Enkrypt AI's red teaming tests exposed how cross-modal injection attacks – where subtle cues in one modality influence the output of another – can bypass standard safety mechanisms. These findings underscore that the models are not confined to labs but available through mainstream cloud platforms and could potentially be integrated into consumer or enterprise products, underscoring the urgency of these findings.

What Must Be Done: A Blueprint for Safer AI

To address these concerns, Enkrypt AI offers a path forward. Starting with safety alignment training, which involves retraining the model using its own red teaming data to reduce susceptibility to harmful prompts, techniques like Direct Preference Optimization (DPO) are recommended to fine-tune model responses away from risky outputs.

The importance of context-aware guardrails – dynamic filters that can interpret and block harmful queries in real-time, taking into account the full context of multimodal input – is also emphasized. Transparency measures, such as the use of Model Risk Cards, assist stakeholders in understanding the model's limitations and known failure cases.

Red teaming is recommended as an ongoing process, not a one-time test. As models evolve, so too do attack strategies; only continuous evaluation and active monitoring can ensure long-term reliability, especially when models are deployed in sensitive sectors like healthcare, education, or defense.
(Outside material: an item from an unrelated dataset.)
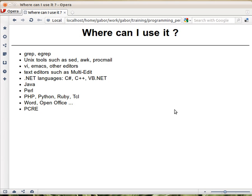Then the programming languages. So .NET, all the .NET languages have a common library. Java has several libraries, but there is one that's standard. Obviously Perl. Then the dynamic languages that you see listed here. They all provide regular expressions.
The Multimodal Red Teaming Report from Enkrypt AI serves as a stark call to the AI industry: multimodal power comes with multimodal responsibility. These models represent a significant leap forward in capability, but they also necessitate a new perspective on safety, security, and ethical deployment. Unchecked, they don't just risk failure; they risk real-world harm.

For anyone working on or deploying large-scale AI, this report is not just a warning; it's a guide. It comes at a critical juncture, underscoring the urgent need for enhanced security measures and ethical considerations in the development and deployment of multimodal AI models.

  1. The Enkrypt AI report highlights the application of artificial-intelligence in the form of vision-language models (VLMs), such as Pixtral, which not only respond to textual inputs but also visual ones, making them susceptible to new forms of adversarial assaults.
  2. The Multimodal Red Teaming Report from Enkrypt AI delves into the use of technology like AI and artificial-intelligence, particularly VLMs, demonstrating their impressive technical capabilities but also exposing their vulnerability to cross-modal injection attacks, emphasizing the need for increased safety measures and real-time context-aware guardrails to prevent harmful or unethical content generation.